The lawsuit, filed May 23, seeks to have a judge compel the city to write land development regulations for Midtown. It also asks a judge to rule that the Boca Raton City Council’s delay in adopting those regulations and its Jan. 23 vote to develop a “small area plan” for Midtown instead are illegal and invalid.

It takes aim at requirements the city imposed on Midtown, which Crocker Partners has long claimed are unconstitutional and create an impermissible building moratorium.

They include a mandate that a new Tri-Rail station be built and operational, all street infrastructure be completed, and improvements to Military Trail finalized before the proposed construction of 2,500 residential units would be approved.

No similar requirements were put in place before the city established regulations for the Northwest planned mobility development in 2015, the lawsuit states. Midtown also is a proposed planned mobility development.

The lawsuit amounts to asking the city “to do its job” by approving the regulations for Midtown that would allow Crocker Partners to submit development plans to the city, said Crocker Partners managing partner Angelo Bianco.

“They were supposed to do this in 2011. We are asking a judge to get them to do it,” he said.

A city spokeswoman said May 24 that the city is reviewing the complaint.

Crocker Partners told the city in April that it planned to file a lawsuit seeking $137 million because the approval delays left it unable to redevelop three properties it owns in Midtown — Boca Center, The Plaza, and One Town Center.

Bianco said if he prevails on the most recent legal action, he would abandon plans to seek that compensation.

“The last thing I want to do is hurt the taxpayer,” he said.

Crocker Partners originally joined with other landowners in the Midtown area in an ambitious plan to redevelop about 300 acres between Interstate 95 and the Town Center mall. They envisioned a “live, work, play” transit-oriented development where people would live in up to 2,500 new residential units and walk or take shuttles to their jobs, shopping and restaurants.

But delays in the city’s creation of land development regulations caused the group to break up, and some are moving ahead with individual redevelopment plans. They include mall owner Simon Property Group, the now-closed Sears building owner Seritage Growth Properties and Glades Plaza owner Trademark Property Co.

Even so, Bianco thinks he can create a smaller version of Midtown, with fewer residential units, on about 80 acres that Crocker Partners controls, provided the city sets parameters for what can be built in area.

The city showed no signs of moving quickly before the lawsuit was filed. In what appears to be a move back to the starting gate on what Midtown should be, it has hired two consultants, Community Marine and Water Resource Planning and LARCH Design Plus, to help it create a small area plan. The contracts total nearly $50,000.

The city now expects to have a small area plan crafted no later then December, which would then be formally adopted by the City Council, a city spokeswoman said.

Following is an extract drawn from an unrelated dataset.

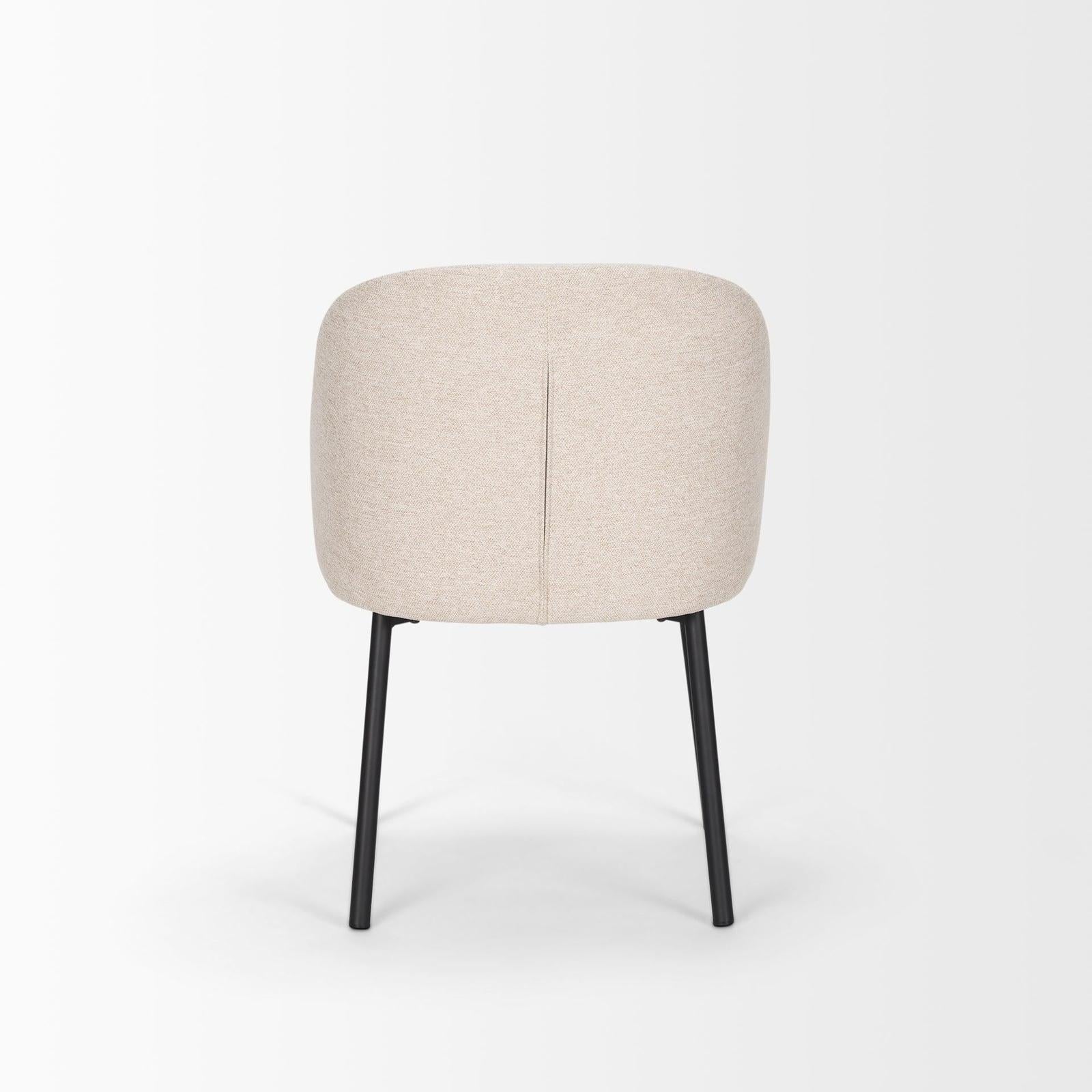 Mercana Shannon Dining Chair w/ Fabric & Matte Black Metal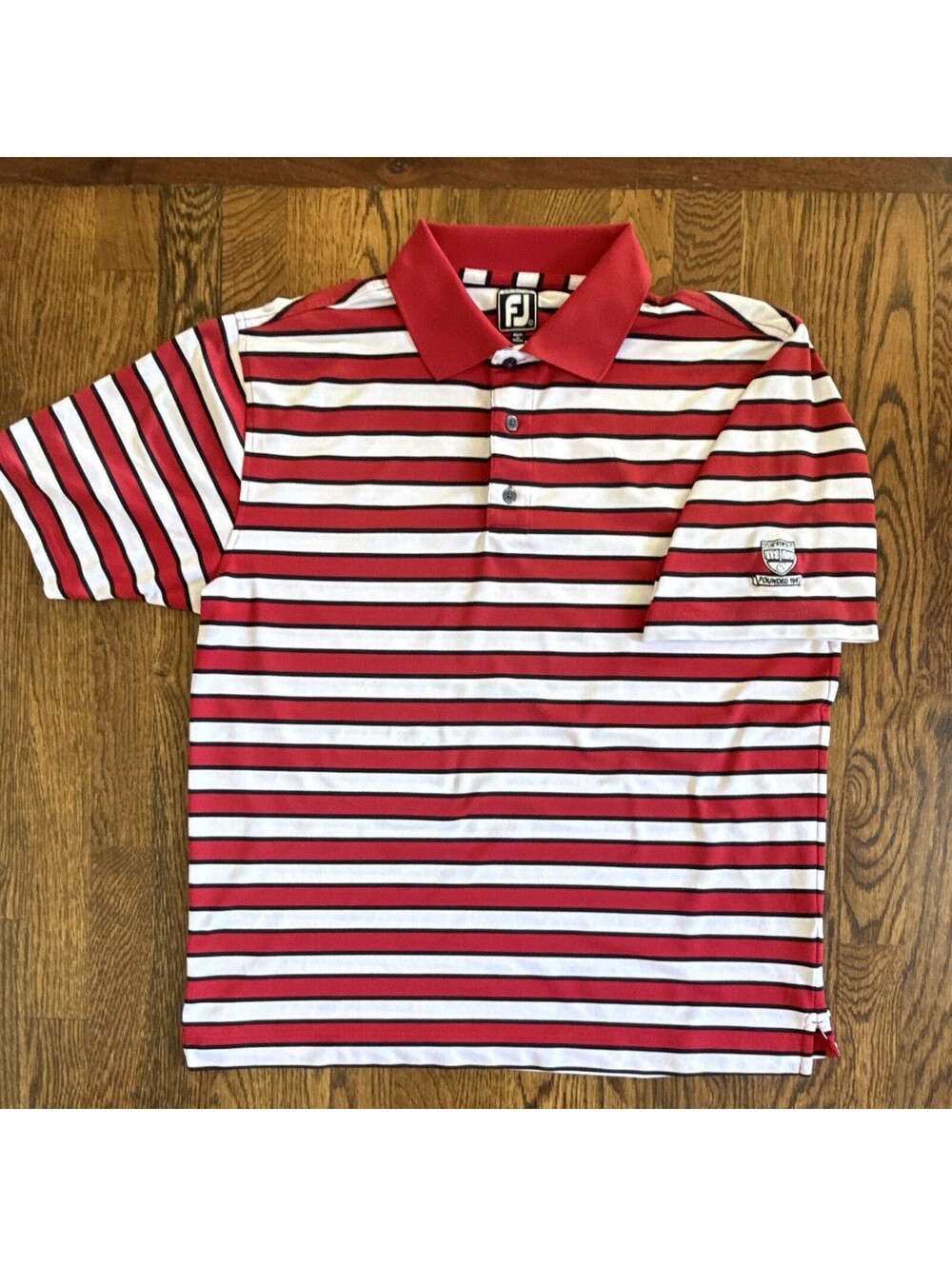 FootJoy Men's Polo Shirt L Red/White/Black Striped Athletic Fit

The consultants held a “public visioning session” May 23 to let city residents offer their thoughts about how Midtown could be redeveloped. About 120 residents attended the session at the Spanish River Library.

They split into groups, and each came up with general ideas on what Midtown should look like. Each plan was different, but they shared many similar ideas, such as low density, low- or mid-rise buildings, pedestrian friendly, lots of green space and improvements to Military Trail. Residential units would number no more than 1,250, and many attendees wanted fewer than that.

Jim Anaston-Karas, principal of Community Marine and Water Resource Planning, said another public session would be held in September and a final plan would be ready in October.